Although ideally, de-registration in one jurisdiction and registration in the new jurisdiction would occur simultaneously, the panel recognises that this may not always be feasible but recommends that the period between the two should be kept as short as possible. To ensure continuity of the entity’s legal personality, de-registration should only occur once registration in the new jurisdiction has taken place.

Incoming re-domiciliation

The report proposes that only solvent bodies corporate that intend to carry on business as a going concern in the UK will be able to re-domicile into the UK, with such entities being required to provide a solvency statement as part of their application process. No other economic substance or size criteria is put forward by the panel.

Any incoming entity will be treated, as far as possible, as a UK-incorporated company, although the panel recommends that re-domiciled entities should, by their registration number, be able to be differentiated from UK-incorporated entities.

Protection of stakeholders will be a matter for the law of the departing jurisdiction.

Outgoing re-domiciliation

The report suggests that insolvent companies shouldn’t be able to re-domicile out of the UK. In addition, UK law should make clear that re-domiciliation will not affect any obligations or liabilities of the company which were incurred while it was incorporated in the UK.

Certain information should continue to be available in the UK after re-domiciliation and the company should be required to maintain an authorised representative in the UK to accept service of proceedings for 10 years following re-domiciliation out of the UK.
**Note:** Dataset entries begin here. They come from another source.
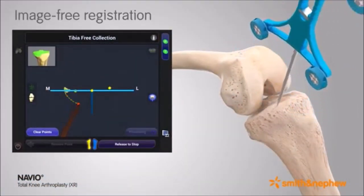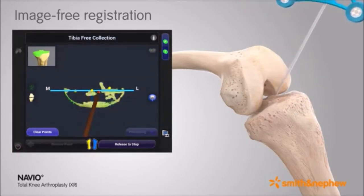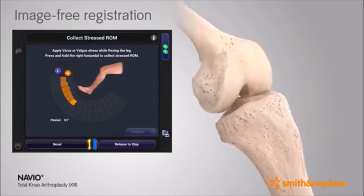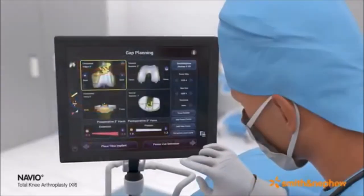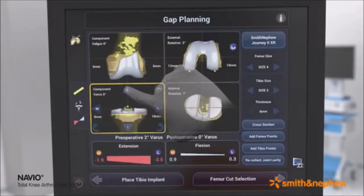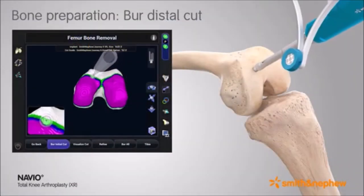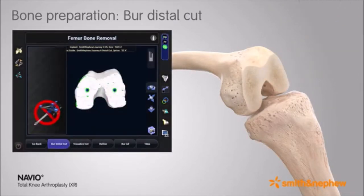First, anatomic landmarks are captured, including a 3D model of the patient's cartilage and bone through direct surface mapping for both the femur and tibia. Next, soft tissue kinematics are evaluated for implant positioning and soft tissue balancing. Furthermore, the surface mapping and soft tissue evaluation provides the surgeon patient-specific planning to virtually place implant components and predict postoperative joint laxity through the full range of motion.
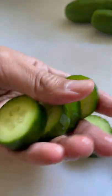I like to chop mine into quarter-inch medallions just like this, and then I salt them heavily so that the moisture can draw out to retain its crunch.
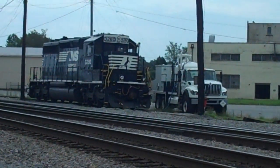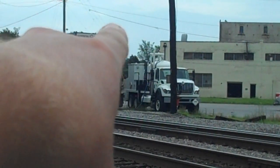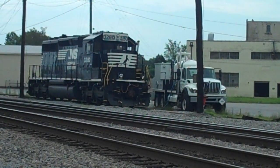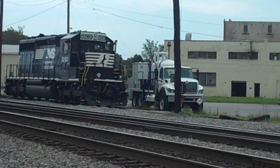Here we have the NS Switcher 3280 in Suffolk getting a water reload from the water truck. He's got a hose that he's dragging from the truck, and that's the water supply for the toilet inside the engine. It's been sitting there for a few minutes — I figured I'd have a little coverage of that.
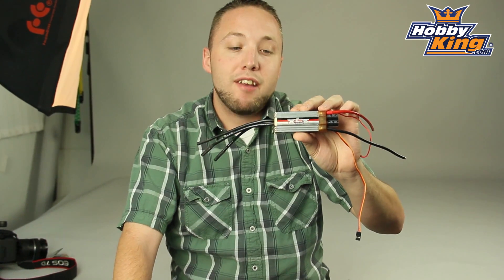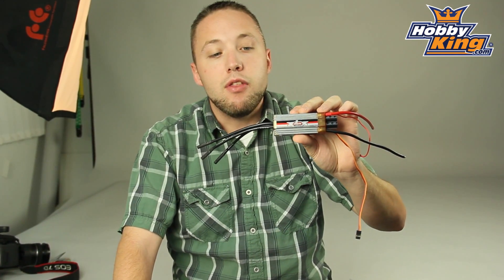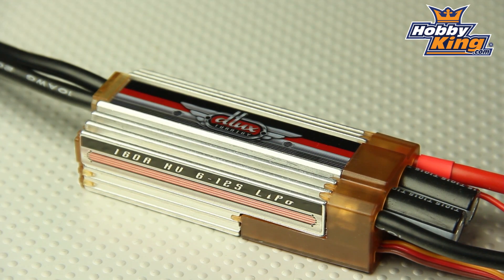Hey guys, Byron here. I want to show you a new ESC from our Turnigy Deluxe line. This is an HV 160A high voltage ESC.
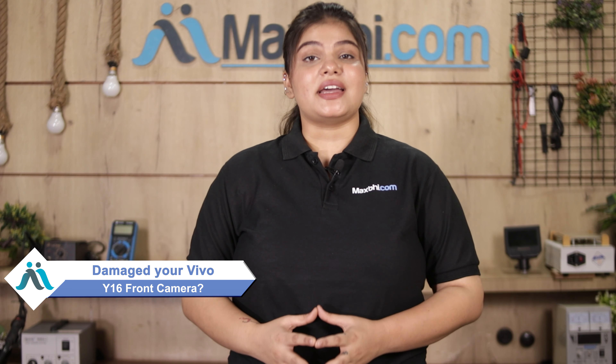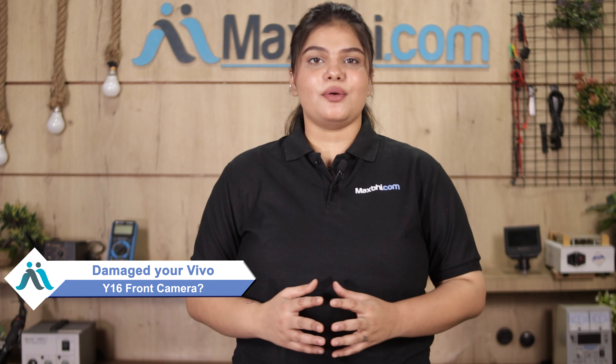Hi friends, this is Lucky from MaxBee.com. Friends, the Vivo Y16 front camera is damaged and worn off, hiking up the cost of your smartphone.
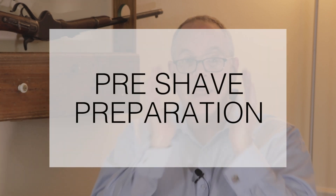Hey, I'm Pete Hendrix. I'm founder of Hendrix Classics & Co., and this video is about pre-shave preparation. Pre-shave preparation is critical in order to reduce shaving irritation as well as to get a good, comfortable shave.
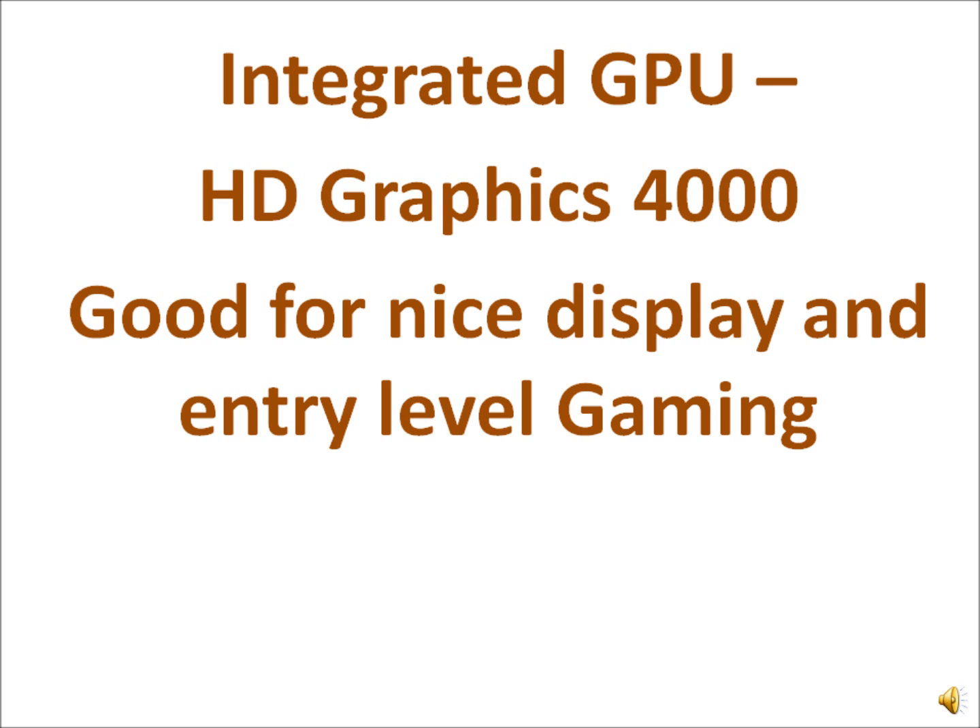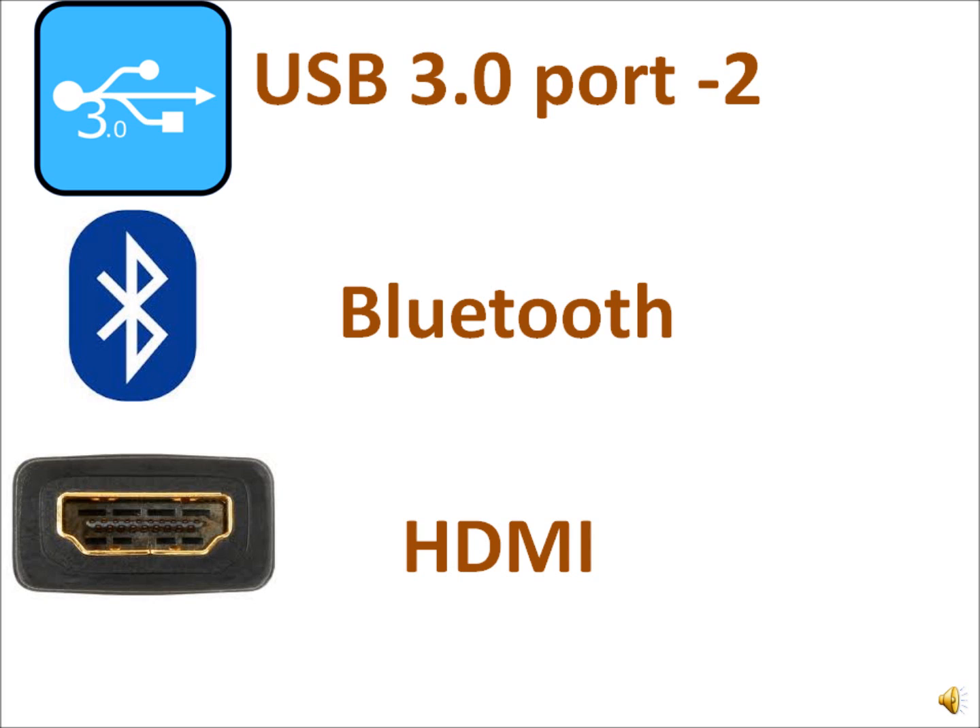There is an HDMI output, so if this screen looks too small you can connect a dual screen setup. The display is powered by Intel HD Graphics 4000, which is very good for display and video compression with its Quick Sync feature. The laptop also includes USB 3.0, Bluetooth, and HDMI connectivity.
In order to protect key stakeholders, the report suggests that the passing of a special resolution agreeing to re-domiciliation should be required and also that any non-consenting shareholder(s) should be granted a period of time in which to file an unfair prejudice claim. In addition, consideration needs to be given to the protection of creditors who should be able to apply to court to object to the re-domiciliation in certain circumstances.
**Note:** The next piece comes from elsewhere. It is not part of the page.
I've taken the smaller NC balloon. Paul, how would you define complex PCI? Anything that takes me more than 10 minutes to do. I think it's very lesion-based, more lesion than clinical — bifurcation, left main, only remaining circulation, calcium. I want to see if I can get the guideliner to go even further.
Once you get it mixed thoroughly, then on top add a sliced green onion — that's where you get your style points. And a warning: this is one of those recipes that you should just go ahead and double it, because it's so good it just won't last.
The report also proposes that re-domiciliation out of the UK could be deemed a “trigger event” for the purposes of the National Security & Investment Act 2021 (NSIA 2021). As such, certain companies may need to obtain clearance under the NSIA 2021 before re-domiciling. See here for more information about the NSIA 2021.

What next?

The government will need to consider these recommendations in depth and there’s likely to be a further consultation once more detailed proposals about the regime have been ironed out. This will need to take into account the views of regulatory bodies, such as the Financial Conduct Authority and the Panel on Takeovers and Mergers.

Many legislative changes will be required and the report sets out numerous amends that will be required to the Companies Act 2006. Taxation legislation will also need amending and other, more specific pieces of legislation may also be affected.

Although the imposition of such a regime is, in our view, to be welcomed, it’s clear that the changes required will not be effected swiftly and the devil will most certainly be in the detail for the lawmakers tasked with putting it in place.

Disclaimer

This note reflects the law as at 29 November 2024. The circumstances of each case vary and this note should not be relied upon in place of specific legal advice.